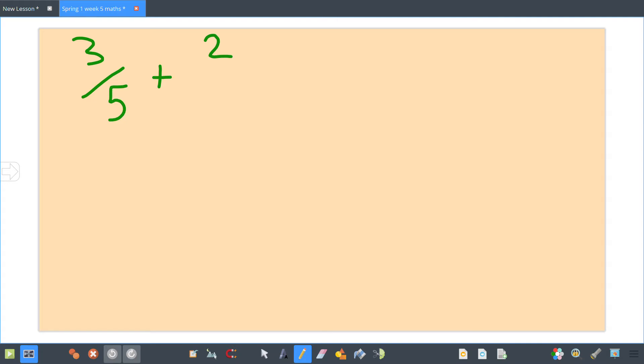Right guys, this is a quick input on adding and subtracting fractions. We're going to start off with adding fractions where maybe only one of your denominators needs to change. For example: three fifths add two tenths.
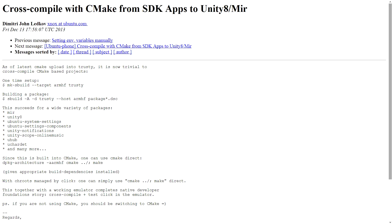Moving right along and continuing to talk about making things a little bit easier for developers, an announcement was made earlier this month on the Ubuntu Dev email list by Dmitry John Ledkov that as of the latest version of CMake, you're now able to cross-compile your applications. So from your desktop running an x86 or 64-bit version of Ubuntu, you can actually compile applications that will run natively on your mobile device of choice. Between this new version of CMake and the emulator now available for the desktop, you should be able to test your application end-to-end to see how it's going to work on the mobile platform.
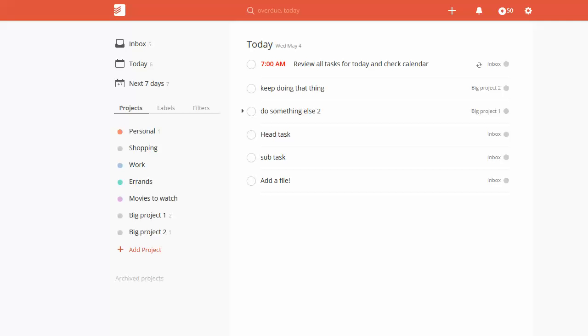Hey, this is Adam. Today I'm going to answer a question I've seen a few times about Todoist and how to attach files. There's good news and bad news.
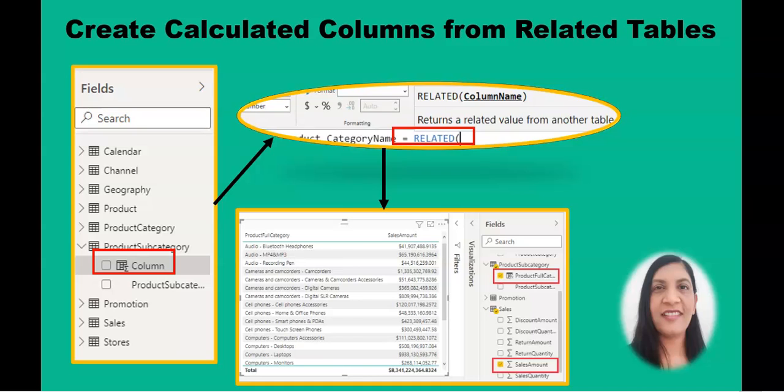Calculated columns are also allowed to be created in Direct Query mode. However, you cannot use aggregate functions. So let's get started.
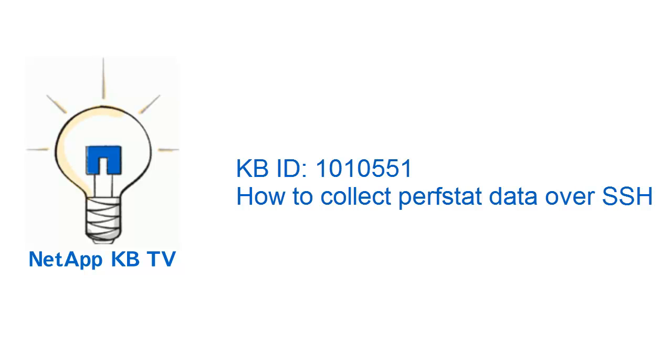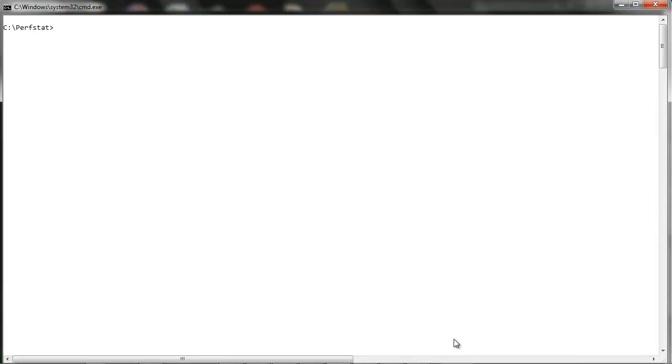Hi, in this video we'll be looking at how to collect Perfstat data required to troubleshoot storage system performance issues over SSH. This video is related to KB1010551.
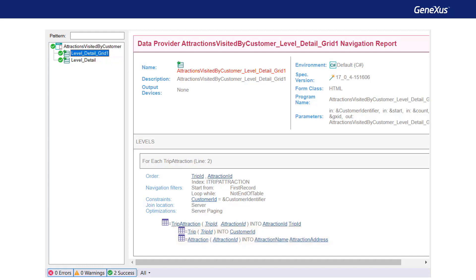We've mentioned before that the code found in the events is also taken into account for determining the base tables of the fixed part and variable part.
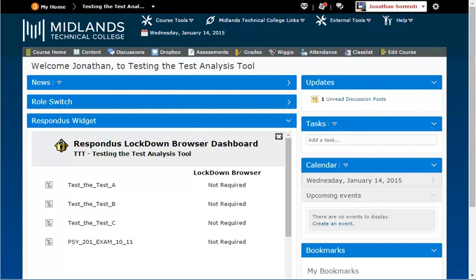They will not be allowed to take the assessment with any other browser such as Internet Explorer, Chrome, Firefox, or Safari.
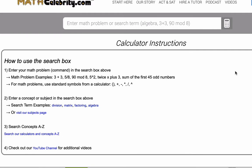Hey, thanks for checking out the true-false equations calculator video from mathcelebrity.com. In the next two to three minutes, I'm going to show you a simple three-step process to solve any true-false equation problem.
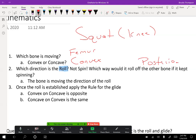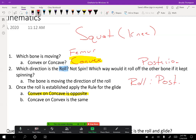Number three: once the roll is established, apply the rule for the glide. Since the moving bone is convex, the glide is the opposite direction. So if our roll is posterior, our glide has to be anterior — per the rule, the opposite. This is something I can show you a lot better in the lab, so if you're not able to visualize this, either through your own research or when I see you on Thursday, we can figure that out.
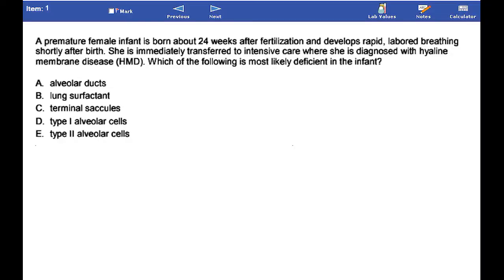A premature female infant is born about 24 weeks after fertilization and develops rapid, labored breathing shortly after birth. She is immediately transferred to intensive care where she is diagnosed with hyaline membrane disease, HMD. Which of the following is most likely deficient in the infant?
* * *
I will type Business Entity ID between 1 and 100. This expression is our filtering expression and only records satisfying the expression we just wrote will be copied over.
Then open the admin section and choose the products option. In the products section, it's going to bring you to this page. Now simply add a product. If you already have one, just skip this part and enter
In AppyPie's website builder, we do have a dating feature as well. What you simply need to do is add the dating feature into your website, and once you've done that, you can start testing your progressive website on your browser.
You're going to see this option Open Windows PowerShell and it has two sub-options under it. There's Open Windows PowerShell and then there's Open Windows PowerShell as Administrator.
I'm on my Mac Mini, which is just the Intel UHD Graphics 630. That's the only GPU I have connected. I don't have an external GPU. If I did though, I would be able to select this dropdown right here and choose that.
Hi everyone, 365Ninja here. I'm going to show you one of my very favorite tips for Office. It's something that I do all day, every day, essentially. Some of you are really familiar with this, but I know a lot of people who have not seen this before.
* * *
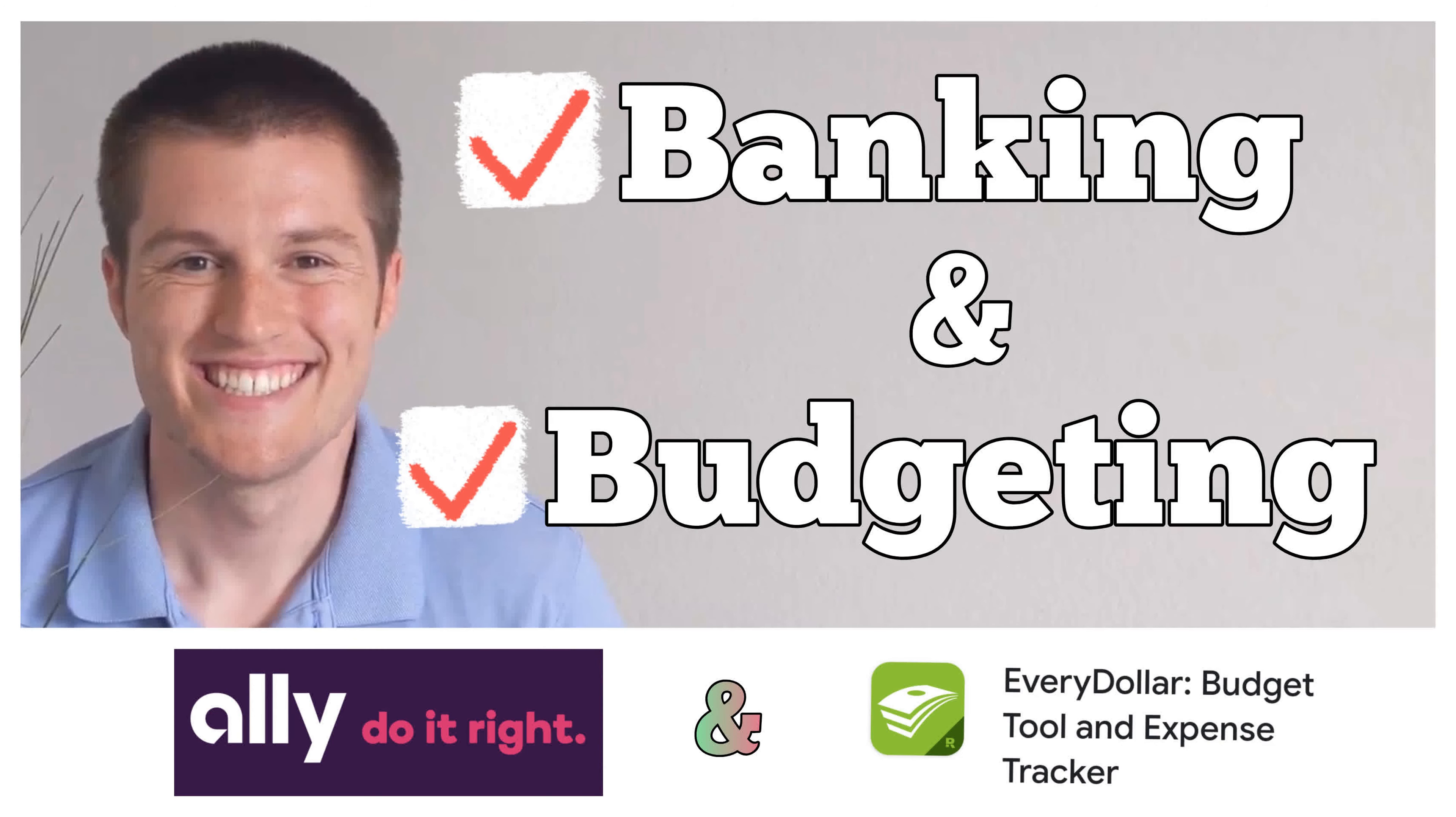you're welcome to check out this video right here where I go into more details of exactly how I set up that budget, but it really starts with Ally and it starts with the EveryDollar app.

# Work order:
In the listing above, find the line containing "Number three: once" and the line containing "A premature female". Print those two lines and every line between them exactly, with no pictures.

# Your response:
Number three: once the roll is established, apply the rule for the glide. Since the moving bone is convex, the glide is the opposite direction. So if our roll is posterior, our glide has to be anterior — per the rule, the opposite. This is something I can show you a lot better in the lab, so if you're not able to visualize this, either through your own research or when I see you on Thursday, we can figure that out.
A premature female infant is born about 24 weeks after fertilization and develops rapid, labored breathing shortly after birth. She is immediately transferred to intensive care where she is diagnosed with hyaline membrane disease, HMD. Which of the following is most likely deficient in the infant?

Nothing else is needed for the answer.